[EXERCISE INSTRUCTIONS] Retype every entry below without pictures.

[DATA TO USE]
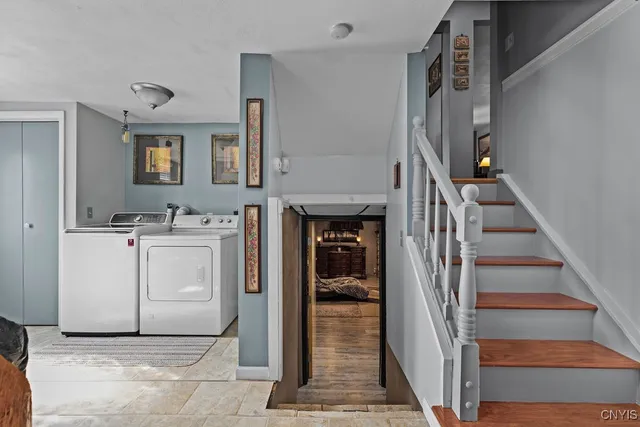 $999,900 | 8984-8998 Brewerton Road, Cicero, NY 13029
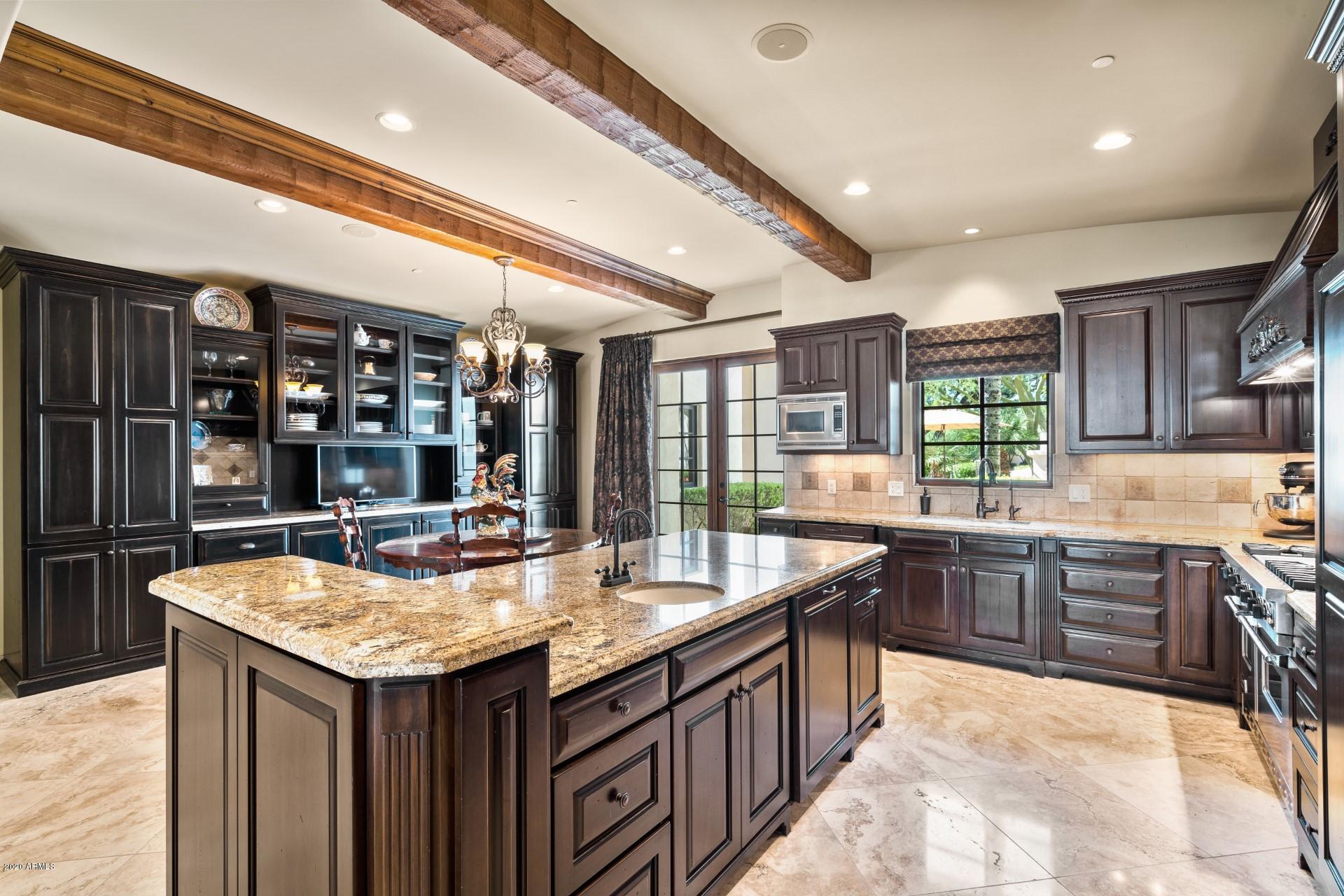 CAMELBACK COUNTRY CLUB ESTATES - Residential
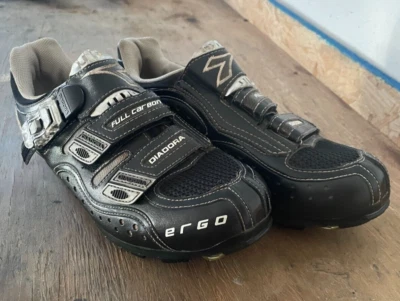 Diadora MTB Ergo 骑行鞋 EU 41.5 2-Bolt Clipless 碳纤维黑色 — 第 1/4 张图片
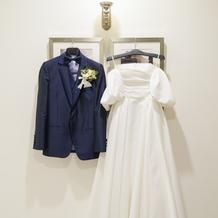 タキシードとウェディングドレス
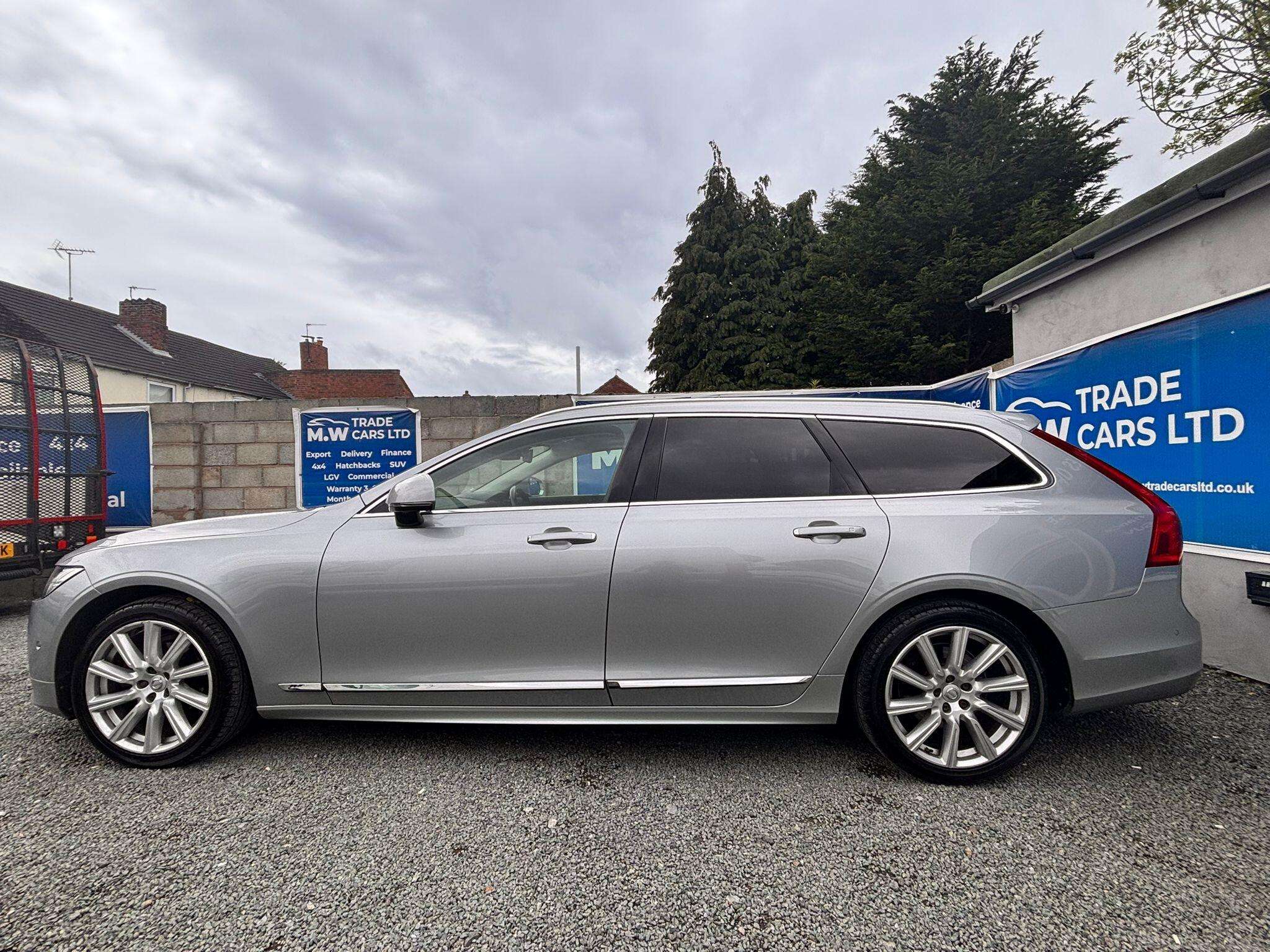 2018 VOLVO V90 2018 VOLVO V90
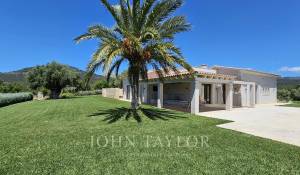 Venta Villa Es Capdella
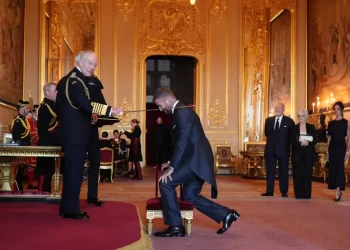 David Beckham zyrtarisht ‘Sir’, një moment historik për ikonën e futbollit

[RESPONSE AREA]
 $999,900 | 8984-8998 Brewerton Road, Cicero, NY 13029
 CAMELBACK COUNTRY CLUB ESTATES - Residential
 Diadora MTB Ergo 骑行鞋 EU 41.5 2-Bolt Clipless 碳纤维黑色 — 第 1/4 张图片
 タキシードとウェディングドレス
 2018 VOLVO V90 2018 VOLVO V90
 Venta Villa Es Capdella
 David Beckham zyrtarisht ‘Sir’, një moment historik për ikonën e futbollit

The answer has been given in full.